TASK PROMPT> Nothing outside the stretch is wanted. Repeat exactly the lines of the listing below from the one that contains "Sexy Hot Girl" through the one that contains "Biscuit Elongated Heated", both ends included.

___ MATERIAL PROVIDED ___

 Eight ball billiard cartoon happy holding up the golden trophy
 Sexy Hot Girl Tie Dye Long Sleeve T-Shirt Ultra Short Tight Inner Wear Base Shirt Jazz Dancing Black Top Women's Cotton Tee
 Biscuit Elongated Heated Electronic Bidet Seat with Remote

___
___ MATERIAL PROVIDED ___

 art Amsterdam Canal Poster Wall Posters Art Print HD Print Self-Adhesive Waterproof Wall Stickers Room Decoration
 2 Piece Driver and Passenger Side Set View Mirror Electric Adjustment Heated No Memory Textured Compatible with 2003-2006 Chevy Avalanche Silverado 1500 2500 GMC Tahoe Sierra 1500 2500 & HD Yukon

___
___ MATERIAL PROVIDED ___

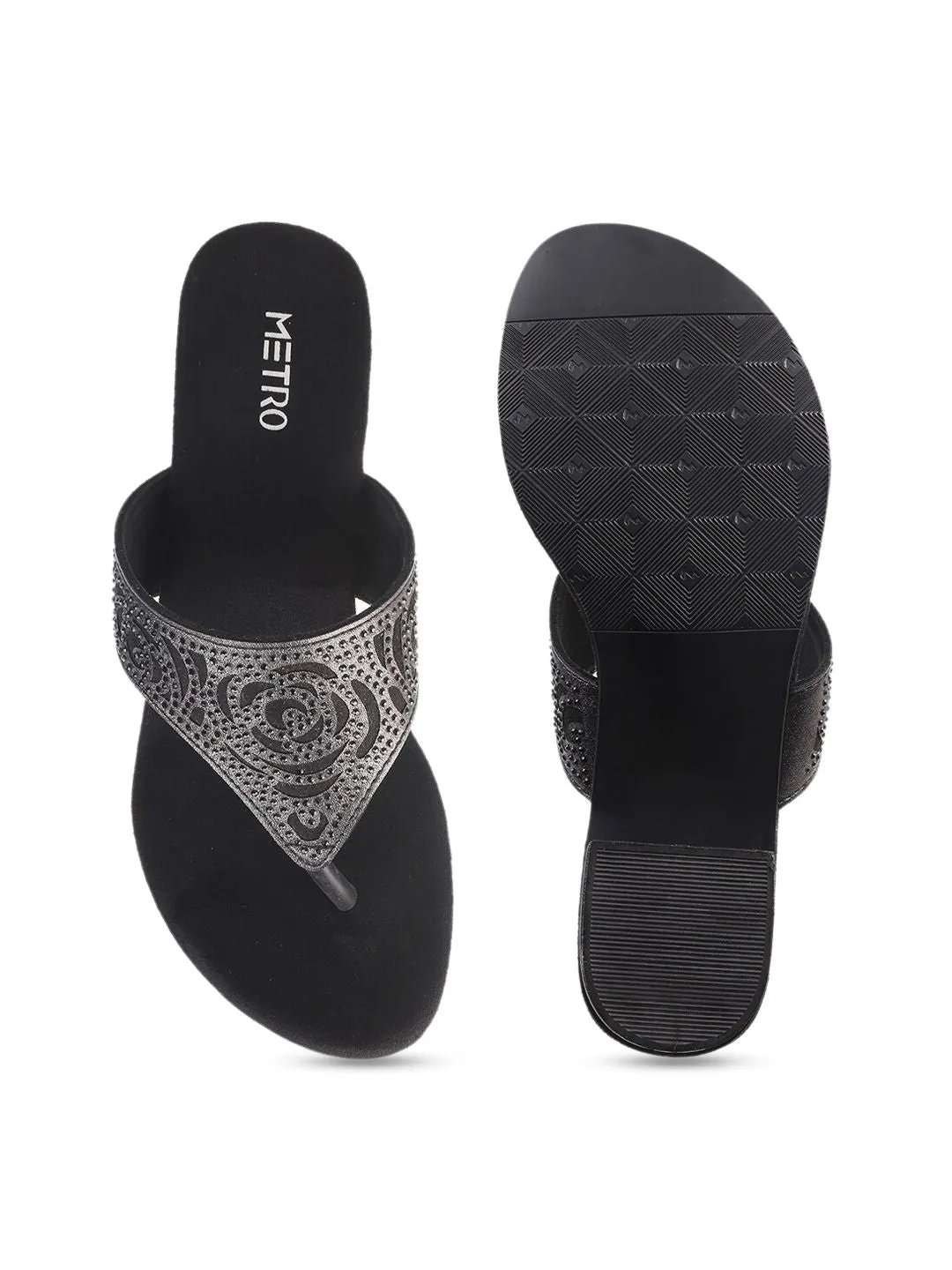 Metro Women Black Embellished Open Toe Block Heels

___

OUTPUT FOR THIS TASK>
 Sexy Hot Girl Tie Dye Long Sleeve T-Shirt Ultra Short Tight Inner Wear Base Shirt Jazz Dancing Black Top Women's Cotton Tee
 Biscuit Elongated Heated Electronic Bidet Seat with Remote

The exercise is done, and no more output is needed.